WHAT TO WORK ON: With the images set aside, retype every record below character for character.

(GIVEN RECORDS)

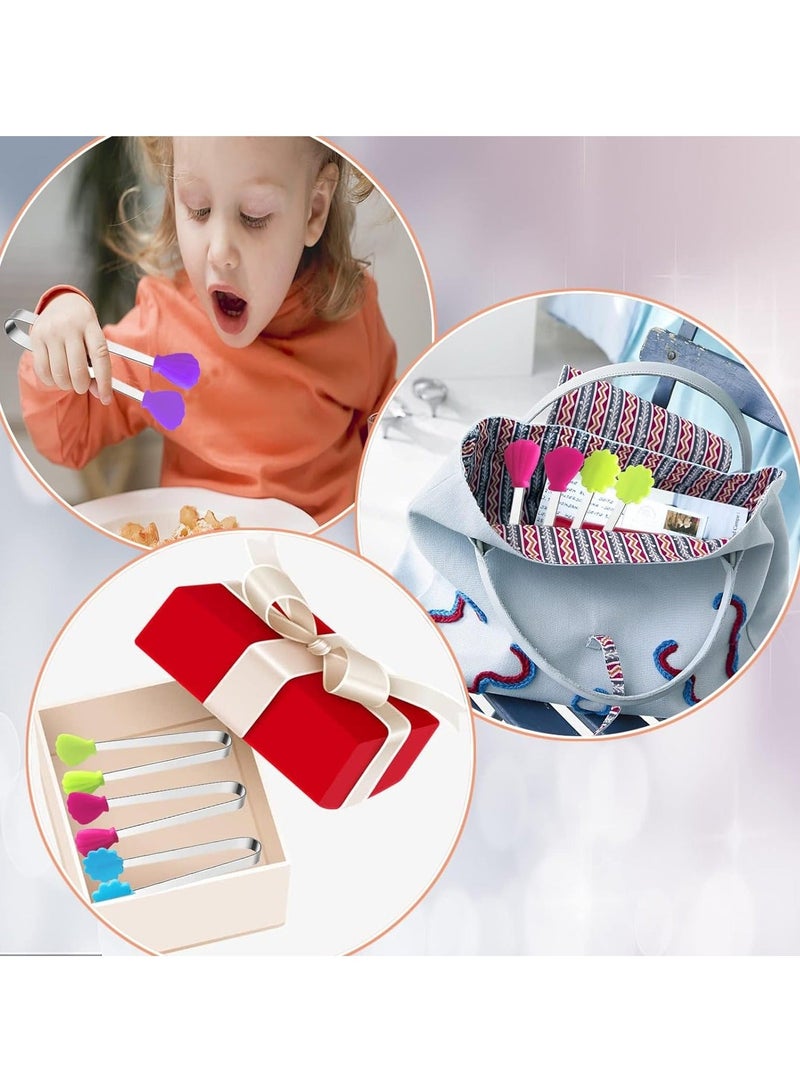 6PCS Silicone Mini Tongs, 5Inch Hand Shape Food Colourful Small Kids Kitchen Tongs for Serving Food, Ice Cube, Fruits, Sugar, Barbecue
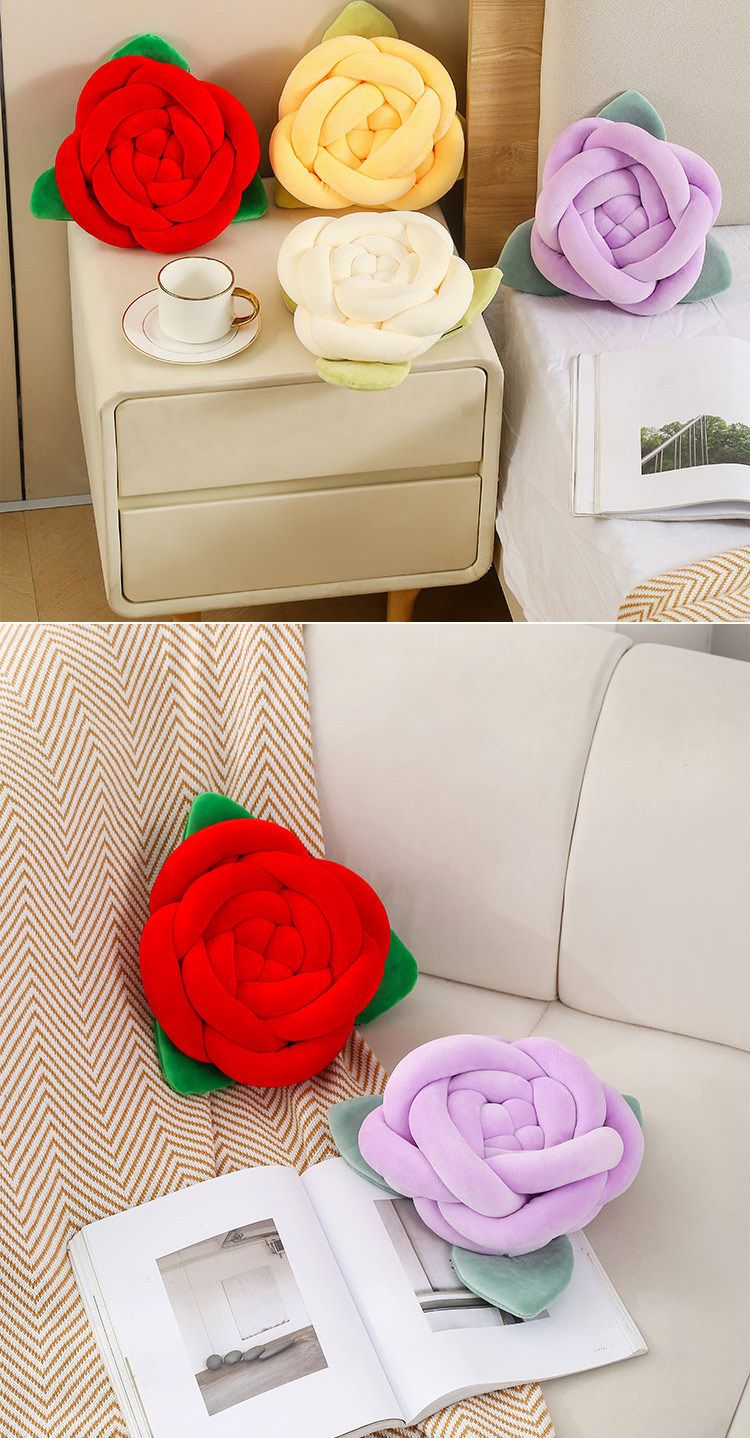 Luxury Handwoven Rose-Shaped Back Pillow - Decorative Sofa Cushion & Nap Pillow (Elegant Gift For Birthday/Home Decor)_voghion.com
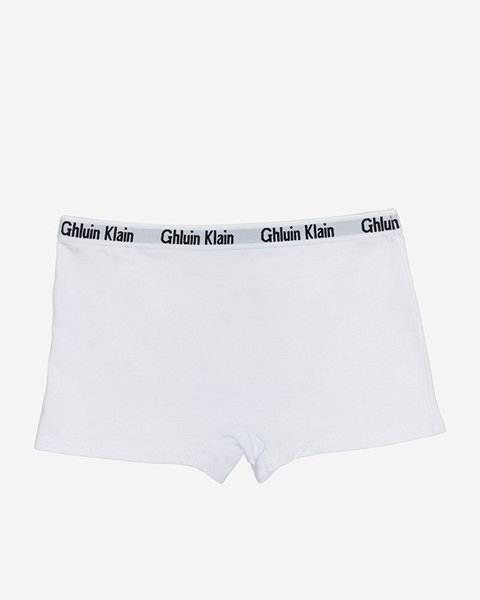 Women's white plain boxer shorts with print- Underwear
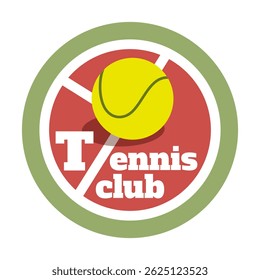 Vector illustration of tennis club logo featuring a stylized tennis ball and court elements. Flat design emblem for sports branding, athletic teams, tournaments, fitness clubs, logos, badges, signage.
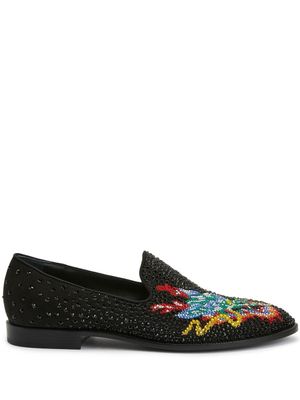 Giuseppe Zanotti mocassins à ornements strassés - Noir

(End GIVEN RECORDS)

ANSWER TO THIS EXERCISE:
 6PCS Silicone Mini Tongs, 5Inch Hand Shape Food Colourful Small Kids Kitchen Tongs for Serving Food, Ice Cube, Fruits, Sugar, Barbecue
 Luxury Handwoven Rose-Shaped Back Pillow - Decorative Sofa Cushion & Nap Pillow (Elegant Gift For Birthday/Home Decor)_voghion.com
 Women's white plain boxer shorts with print- Underwear
 Vector illustration of tennis club logo featuring a stylized tennis ball and court elements. Flat design emblem for sports branding, athletic teams, tournaments, fitness clubs, logos, badges, signage.
 Giuseppe Zanotti mocassins à ornements strassés - Noir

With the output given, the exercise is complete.